Give the data back exactly. Leave out any images.

■ **Data shown**:

----

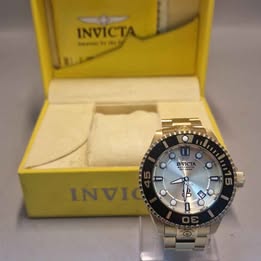 Invicta Pro Diver Automatic 8926OB Mens Watch on stainless steel bracelet
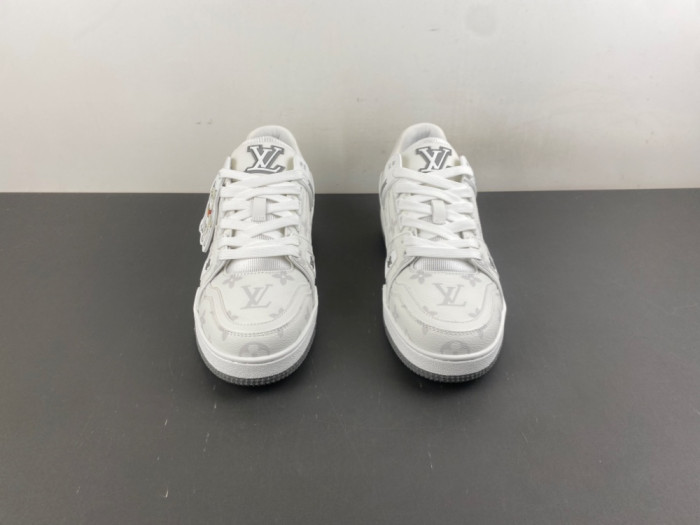 LV snekaers L0000724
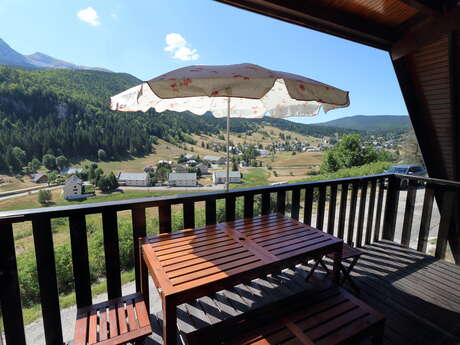 4 pièces 6 personnes - CHALET MITOYEN 26 LE PEUIL- ROCHAS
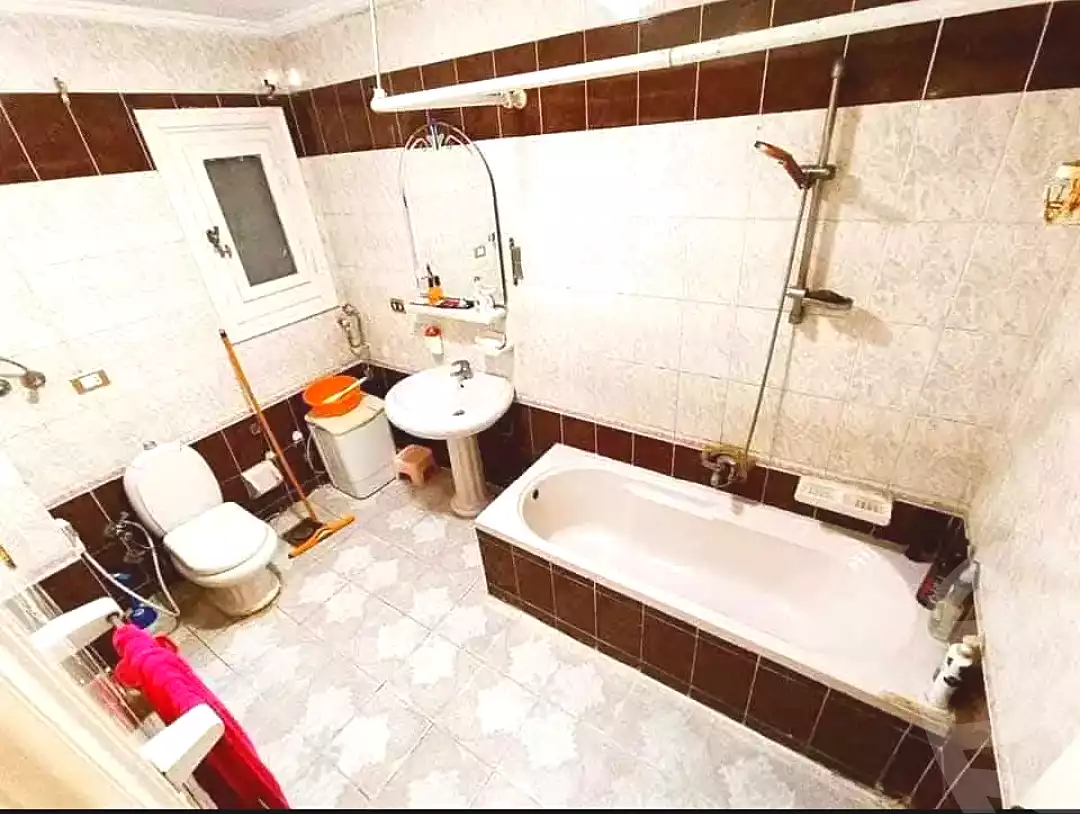 https://aqarmap.com.eg/en/listing/7146636-for-sale-alexandria-sydy-bshr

----

■ **Response to the exercise**:
 Invicta Pro Diver Automatic 8926OB Mens Watch on stainless steel bracelet
 LV snekaers L0000724
 4 pièces 6 personnes - CHALET MITOYEN 26 LE PEUIL- ROCHAS
 https://aqarmap.com.eg/en/listing/7146636-for-sale-alexandria-sydy-bshr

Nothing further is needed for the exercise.